### Problem details
All that is needed is an exact repetition of the lines from the one containing "XX镇2023年度党风廉政建设主体责任落实情况的报告.docx_第2页" through the final line of the material, without pictures.

Segment Start: Supplied data

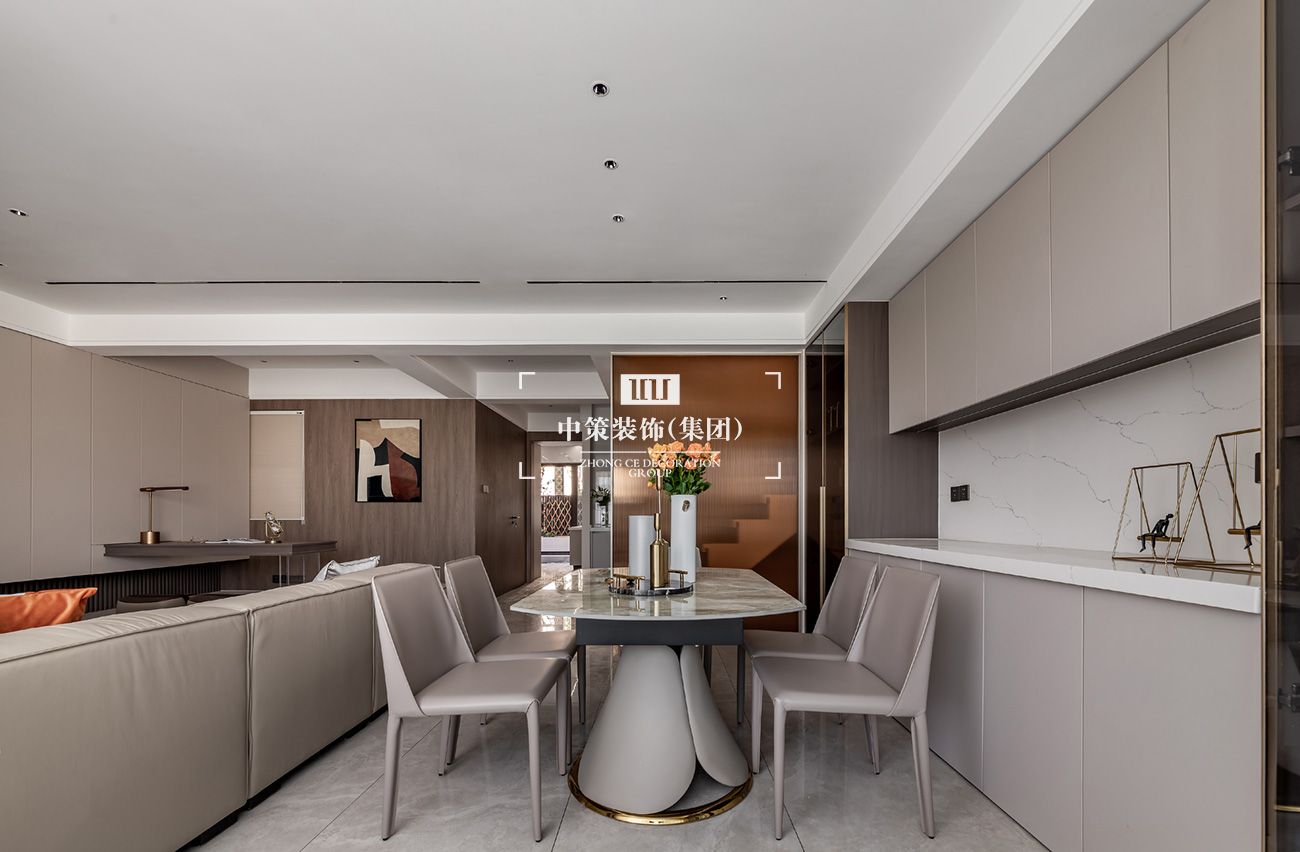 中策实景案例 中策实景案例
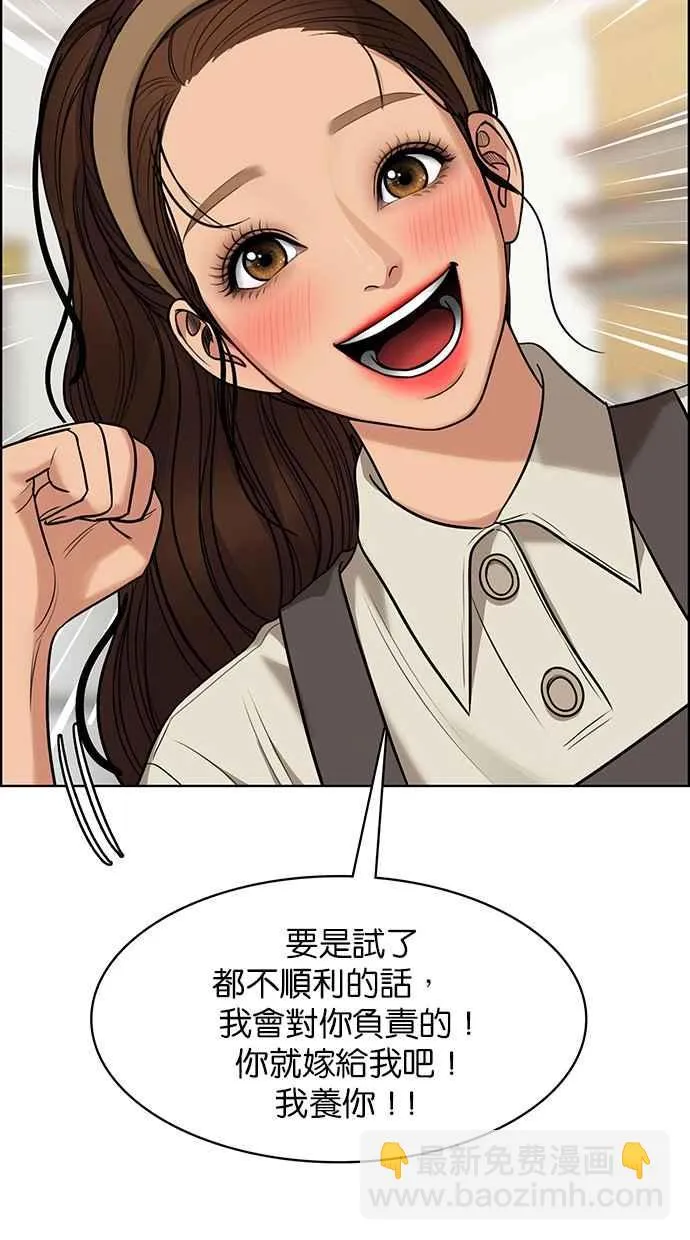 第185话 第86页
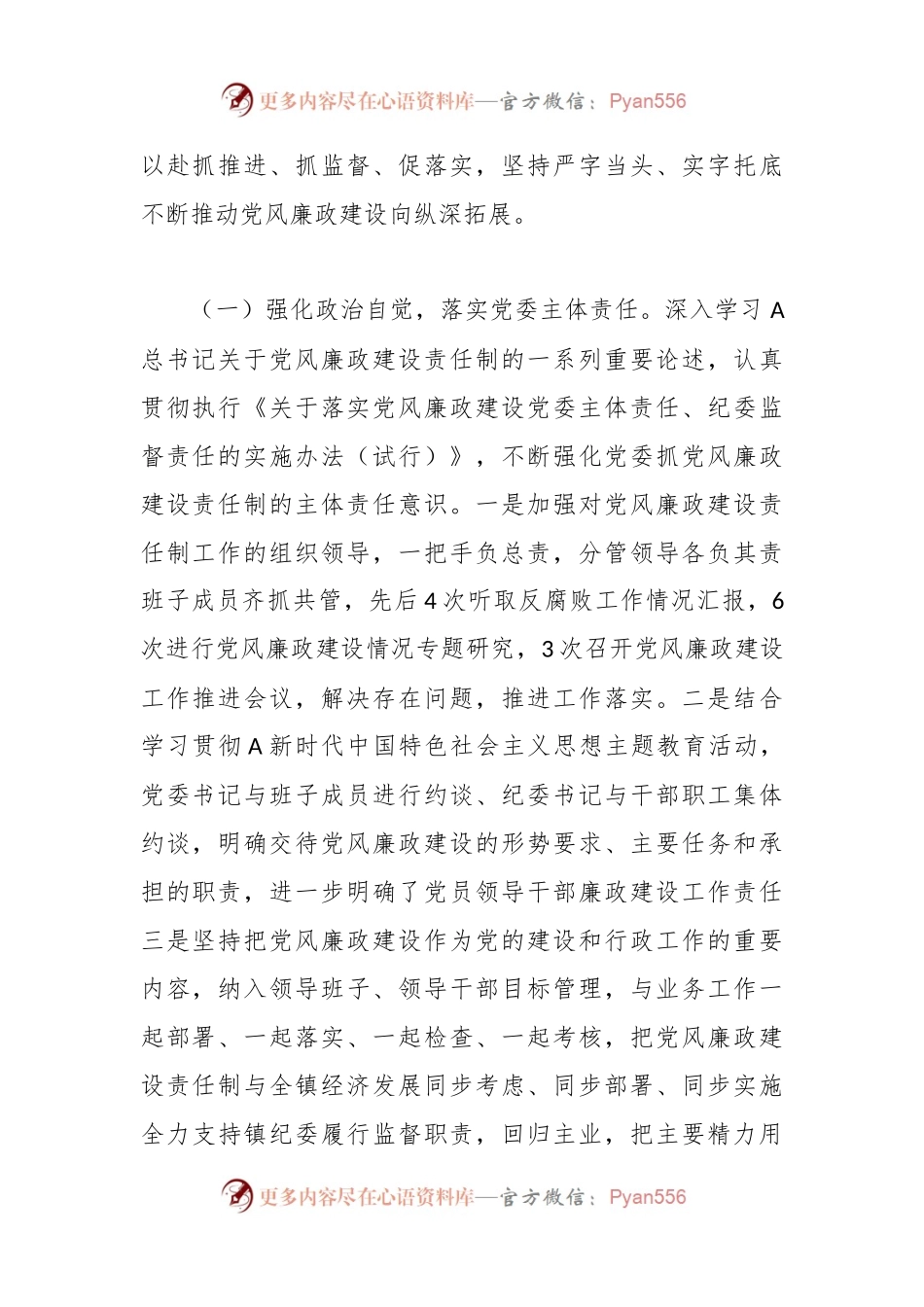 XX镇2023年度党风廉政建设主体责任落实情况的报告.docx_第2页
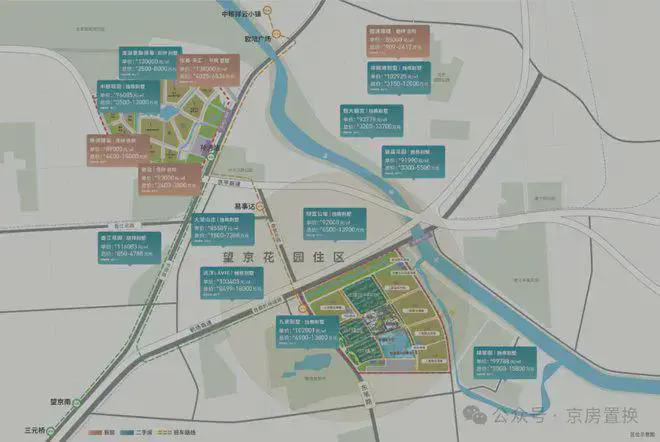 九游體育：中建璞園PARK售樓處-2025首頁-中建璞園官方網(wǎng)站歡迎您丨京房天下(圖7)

Segment End: Supplied data

### Result below
 XX镇2023年度党风廉政建设主体责任落实情况的报告.docx_第2页
 九游體育：中建璞園PARK售樓處-2025首頁-中建璞園官方網(wǎng)站歡迎您丨京房天下(圖7)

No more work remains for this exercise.